<<<<

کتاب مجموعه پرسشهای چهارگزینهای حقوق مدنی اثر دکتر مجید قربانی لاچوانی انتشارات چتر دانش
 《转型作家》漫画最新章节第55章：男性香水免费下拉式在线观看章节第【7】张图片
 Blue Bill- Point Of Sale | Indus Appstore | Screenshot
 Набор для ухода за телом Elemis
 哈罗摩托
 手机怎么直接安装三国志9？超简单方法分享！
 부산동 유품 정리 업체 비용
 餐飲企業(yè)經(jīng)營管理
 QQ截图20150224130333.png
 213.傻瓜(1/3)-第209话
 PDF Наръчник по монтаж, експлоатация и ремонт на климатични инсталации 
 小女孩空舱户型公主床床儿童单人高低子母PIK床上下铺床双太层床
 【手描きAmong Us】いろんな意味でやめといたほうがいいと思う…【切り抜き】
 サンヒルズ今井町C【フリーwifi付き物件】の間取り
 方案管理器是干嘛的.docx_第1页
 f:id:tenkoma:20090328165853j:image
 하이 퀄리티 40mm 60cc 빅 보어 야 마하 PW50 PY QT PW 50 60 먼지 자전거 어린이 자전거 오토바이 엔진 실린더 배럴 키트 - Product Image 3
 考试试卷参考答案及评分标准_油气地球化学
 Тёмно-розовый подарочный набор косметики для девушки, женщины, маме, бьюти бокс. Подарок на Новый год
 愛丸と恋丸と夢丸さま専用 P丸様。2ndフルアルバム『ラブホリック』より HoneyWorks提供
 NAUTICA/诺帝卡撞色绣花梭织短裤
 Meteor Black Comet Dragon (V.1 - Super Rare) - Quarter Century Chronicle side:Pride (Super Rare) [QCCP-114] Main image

>>>>

* **PROMPT**
Whatever lines appear above, reproduce every one of them exactly.

* **OUTPUT BELOW**
کتاب مجموعه پرسشهای چهارگزینهای حقوق مدنی اثر دکتر مجید قربانی لاچوانی انتشارات چتر دانش
 《转型作家》漫画最新章节第55章：男性香水免费下拉式在线观看章节第【7】张图片
 Blue Bill- Point Of Sale | Indus Appstore | Screenshot
 Набор для ухода за телом Elemis
 哈罗摩托
 手机怎么直接安装三国志9？超简单方法分享！
 부산동 유품 정리 업체 비용
 餐飲企業(yè)經(jīng)營管理
 QQ截图20150224130333.png
 213.傻瓜(1/3)-第209话
 PDF Наръчник по монтаж, експлоатация и ремонт на климатични инсталации 
 小女孩空舱户型公主床床儿童单人高低子母PIK床上下铺床双太层床
 【手描きAmong Us】いろんな意味でやめといたほうがいいと思う…【切り抜き】
 サンヒルズ今井町C【フリーwifi付き物件】の間取り
 方案管理器是干嘛的.docx_第1页
 f:id:tenkoma:20090328165853j:image
 하이 퀄리티 40mm 60cc 빅 보어 야 마하 PW50 PY QT PW 50 60 먼지 자전거 어린이 자전거 오토바이 엔진 실린더 배럴 키트 - Product Image 3
 考试试卷参考答案及评分标准_油气地球化学
 Тёмно-розовый подарочный набор косметики для девушки, женщины, маме, бьюти бокс. Подарок на Новый год
 愛丸と恋丸と夢丸さま専用 P丸様。2ndフルアルバム『ラブホリック』より HoneyWorks提供
 NAUTICA/诺帝卡撞色绣花梭织短裤
 Meteor Black Comet Dragon (V.1 - Super Rare) - Quarter Century Chronicle side:Pride (Super Rare) [QCCP-114] Main image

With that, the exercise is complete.